Your objective – Which lines hold the string "food"? Copy each of them from the material below.

════════════════

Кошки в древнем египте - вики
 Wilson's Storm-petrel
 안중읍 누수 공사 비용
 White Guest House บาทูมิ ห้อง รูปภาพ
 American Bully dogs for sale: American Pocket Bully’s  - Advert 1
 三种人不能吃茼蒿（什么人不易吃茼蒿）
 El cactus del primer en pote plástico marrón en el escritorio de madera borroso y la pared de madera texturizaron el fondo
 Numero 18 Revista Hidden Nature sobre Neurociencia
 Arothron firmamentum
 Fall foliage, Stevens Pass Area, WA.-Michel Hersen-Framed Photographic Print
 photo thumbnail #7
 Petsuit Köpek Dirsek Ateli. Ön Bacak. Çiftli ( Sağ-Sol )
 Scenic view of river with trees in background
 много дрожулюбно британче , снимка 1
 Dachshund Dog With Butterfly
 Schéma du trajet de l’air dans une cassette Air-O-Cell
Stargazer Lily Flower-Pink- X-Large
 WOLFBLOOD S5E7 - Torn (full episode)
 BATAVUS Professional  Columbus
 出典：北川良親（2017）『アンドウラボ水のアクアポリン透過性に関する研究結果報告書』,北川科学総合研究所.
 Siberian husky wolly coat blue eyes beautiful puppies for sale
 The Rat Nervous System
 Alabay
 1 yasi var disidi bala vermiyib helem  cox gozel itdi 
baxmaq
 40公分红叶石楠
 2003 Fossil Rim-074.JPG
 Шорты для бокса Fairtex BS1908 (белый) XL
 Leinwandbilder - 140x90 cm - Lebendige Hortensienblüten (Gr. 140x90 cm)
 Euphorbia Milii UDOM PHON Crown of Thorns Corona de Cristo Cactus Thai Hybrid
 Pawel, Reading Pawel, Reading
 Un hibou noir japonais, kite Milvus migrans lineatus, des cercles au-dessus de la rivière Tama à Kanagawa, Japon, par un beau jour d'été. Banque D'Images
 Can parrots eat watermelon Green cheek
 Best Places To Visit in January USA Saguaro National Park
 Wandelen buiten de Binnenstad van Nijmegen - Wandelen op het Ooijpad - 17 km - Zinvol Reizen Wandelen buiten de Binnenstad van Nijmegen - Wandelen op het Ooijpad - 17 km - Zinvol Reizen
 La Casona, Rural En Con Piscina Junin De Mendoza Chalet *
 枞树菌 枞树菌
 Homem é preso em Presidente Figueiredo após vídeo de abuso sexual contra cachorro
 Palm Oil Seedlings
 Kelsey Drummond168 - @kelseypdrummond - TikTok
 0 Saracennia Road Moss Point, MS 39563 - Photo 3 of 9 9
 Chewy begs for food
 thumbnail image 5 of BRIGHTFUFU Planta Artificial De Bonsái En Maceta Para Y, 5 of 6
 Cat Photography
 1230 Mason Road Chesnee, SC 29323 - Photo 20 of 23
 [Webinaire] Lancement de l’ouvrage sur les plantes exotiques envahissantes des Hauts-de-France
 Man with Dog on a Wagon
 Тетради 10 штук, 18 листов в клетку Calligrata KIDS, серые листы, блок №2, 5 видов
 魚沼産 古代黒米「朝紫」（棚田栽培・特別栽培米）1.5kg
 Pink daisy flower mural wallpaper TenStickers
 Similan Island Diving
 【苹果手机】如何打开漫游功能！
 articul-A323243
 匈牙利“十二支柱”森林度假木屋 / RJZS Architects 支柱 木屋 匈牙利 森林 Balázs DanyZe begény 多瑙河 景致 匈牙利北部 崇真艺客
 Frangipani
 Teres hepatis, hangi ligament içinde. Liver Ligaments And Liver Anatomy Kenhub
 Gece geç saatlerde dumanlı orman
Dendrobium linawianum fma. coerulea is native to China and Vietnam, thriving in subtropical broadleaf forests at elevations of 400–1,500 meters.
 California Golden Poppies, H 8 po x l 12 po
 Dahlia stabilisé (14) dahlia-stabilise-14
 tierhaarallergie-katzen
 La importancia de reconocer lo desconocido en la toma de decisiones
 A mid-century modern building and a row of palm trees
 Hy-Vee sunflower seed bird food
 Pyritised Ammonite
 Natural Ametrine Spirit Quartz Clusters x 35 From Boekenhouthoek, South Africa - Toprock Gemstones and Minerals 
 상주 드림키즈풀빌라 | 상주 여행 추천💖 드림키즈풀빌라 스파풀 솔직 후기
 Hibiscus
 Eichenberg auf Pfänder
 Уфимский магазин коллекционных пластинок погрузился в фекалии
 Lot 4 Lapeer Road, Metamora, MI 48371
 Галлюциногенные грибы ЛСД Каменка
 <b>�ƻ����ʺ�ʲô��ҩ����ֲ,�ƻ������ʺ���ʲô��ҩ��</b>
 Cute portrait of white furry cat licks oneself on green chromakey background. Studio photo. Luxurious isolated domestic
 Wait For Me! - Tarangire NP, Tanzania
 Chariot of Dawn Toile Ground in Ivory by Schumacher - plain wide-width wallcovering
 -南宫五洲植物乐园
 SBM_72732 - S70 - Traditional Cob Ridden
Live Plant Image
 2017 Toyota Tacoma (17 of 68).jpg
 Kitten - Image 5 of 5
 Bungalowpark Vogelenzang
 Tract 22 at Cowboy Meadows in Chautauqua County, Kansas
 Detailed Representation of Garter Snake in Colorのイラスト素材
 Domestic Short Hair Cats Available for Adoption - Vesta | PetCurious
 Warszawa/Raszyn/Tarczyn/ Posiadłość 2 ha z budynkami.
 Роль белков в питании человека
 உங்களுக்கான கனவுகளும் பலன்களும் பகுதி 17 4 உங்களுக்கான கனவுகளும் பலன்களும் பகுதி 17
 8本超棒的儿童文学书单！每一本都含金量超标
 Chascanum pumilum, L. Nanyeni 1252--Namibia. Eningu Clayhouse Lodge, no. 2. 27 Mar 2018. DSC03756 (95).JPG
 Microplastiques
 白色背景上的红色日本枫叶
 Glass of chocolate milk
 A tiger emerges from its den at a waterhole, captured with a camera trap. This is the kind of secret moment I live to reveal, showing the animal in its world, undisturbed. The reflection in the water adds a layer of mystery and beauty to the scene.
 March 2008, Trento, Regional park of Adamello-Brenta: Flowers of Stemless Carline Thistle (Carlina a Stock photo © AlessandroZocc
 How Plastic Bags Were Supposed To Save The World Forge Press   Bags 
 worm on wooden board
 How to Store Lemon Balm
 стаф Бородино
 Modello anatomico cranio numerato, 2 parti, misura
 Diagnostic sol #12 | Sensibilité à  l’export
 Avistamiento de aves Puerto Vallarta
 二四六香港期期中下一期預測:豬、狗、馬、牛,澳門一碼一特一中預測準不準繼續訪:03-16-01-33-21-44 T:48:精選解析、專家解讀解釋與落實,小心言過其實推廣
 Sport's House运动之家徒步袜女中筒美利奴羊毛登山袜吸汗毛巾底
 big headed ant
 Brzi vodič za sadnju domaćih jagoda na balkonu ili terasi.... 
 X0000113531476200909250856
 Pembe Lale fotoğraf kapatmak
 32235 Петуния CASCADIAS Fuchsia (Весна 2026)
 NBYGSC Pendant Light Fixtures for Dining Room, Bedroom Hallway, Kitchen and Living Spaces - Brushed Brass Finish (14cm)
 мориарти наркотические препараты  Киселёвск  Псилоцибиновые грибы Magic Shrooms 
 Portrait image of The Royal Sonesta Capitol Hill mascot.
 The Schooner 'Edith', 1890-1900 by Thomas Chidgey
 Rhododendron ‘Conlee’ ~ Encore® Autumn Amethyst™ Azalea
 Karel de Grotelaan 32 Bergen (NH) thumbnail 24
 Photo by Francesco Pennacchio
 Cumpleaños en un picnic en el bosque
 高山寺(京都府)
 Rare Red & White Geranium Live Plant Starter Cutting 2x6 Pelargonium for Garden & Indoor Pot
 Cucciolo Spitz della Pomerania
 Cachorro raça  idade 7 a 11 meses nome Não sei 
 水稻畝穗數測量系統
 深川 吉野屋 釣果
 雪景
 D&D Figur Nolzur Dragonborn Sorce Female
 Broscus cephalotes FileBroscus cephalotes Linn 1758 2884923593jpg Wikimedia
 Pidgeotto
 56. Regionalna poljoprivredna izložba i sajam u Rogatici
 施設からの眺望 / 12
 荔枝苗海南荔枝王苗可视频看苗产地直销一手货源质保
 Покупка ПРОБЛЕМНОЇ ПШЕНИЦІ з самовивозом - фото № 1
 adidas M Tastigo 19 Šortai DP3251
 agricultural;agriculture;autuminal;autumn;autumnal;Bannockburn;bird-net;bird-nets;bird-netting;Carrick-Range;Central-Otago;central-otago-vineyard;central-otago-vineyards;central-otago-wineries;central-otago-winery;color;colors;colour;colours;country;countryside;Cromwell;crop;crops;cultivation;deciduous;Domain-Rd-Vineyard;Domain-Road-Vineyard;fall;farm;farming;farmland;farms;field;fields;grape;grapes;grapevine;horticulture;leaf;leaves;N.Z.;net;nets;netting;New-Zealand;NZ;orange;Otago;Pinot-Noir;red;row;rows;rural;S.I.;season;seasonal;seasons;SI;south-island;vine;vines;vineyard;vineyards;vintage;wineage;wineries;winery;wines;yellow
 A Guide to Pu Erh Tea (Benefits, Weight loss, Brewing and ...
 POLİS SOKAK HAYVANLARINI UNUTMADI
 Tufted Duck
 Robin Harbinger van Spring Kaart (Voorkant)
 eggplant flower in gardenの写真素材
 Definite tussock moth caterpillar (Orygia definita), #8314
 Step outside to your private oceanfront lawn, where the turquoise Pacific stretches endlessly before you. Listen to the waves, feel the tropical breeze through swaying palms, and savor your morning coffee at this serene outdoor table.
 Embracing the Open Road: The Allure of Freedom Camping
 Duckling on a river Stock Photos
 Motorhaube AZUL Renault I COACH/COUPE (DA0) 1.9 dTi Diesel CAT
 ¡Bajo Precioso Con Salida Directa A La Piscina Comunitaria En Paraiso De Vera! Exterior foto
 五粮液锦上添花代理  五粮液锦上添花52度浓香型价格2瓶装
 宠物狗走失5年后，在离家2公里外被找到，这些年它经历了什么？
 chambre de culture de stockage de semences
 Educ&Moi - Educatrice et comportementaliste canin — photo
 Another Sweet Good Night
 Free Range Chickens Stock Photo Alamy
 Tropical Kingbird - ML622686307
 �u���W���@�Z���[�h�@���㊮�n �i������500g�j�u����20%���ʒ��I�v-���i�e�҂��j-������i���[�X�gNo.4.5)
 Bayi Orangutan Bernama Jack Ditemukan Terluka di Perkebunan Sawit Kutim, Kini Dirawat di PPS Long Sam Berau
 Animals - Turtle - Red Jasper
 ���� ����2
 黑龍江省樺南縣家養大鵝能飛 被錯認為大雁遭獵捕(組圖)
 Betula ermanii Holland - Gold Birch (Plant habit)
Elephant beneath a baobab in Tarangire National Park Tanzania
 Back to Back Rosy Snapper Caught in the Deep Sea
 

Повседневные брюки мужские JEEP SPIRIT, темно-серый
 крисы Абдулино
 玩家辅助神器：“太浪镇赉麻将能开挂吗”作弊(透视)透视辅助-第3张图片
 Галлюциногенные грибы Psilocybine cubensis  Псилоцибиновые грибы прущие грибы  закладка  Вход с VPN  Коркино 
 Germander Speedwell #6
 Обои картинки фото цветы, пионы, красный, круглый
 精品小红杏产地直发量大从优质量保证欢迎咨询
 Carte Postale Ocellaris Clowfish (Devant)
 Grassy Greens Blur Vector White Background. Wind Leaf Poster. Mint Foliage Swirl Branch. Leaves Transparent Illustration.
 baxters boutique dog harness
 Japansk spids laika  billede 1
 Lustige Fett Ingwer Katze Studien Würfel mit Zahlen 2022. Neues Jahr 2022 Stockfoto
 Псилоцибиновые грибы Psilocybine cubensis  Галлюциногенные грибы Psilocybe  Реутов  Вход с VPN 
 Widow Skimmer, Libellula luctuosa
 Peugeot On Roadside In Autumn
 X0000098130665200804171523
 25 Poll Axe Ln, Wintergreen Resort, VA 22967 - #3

════════════════

Answer space –
 Chewy begs for food
 Hy-Vee sunflower seed bird food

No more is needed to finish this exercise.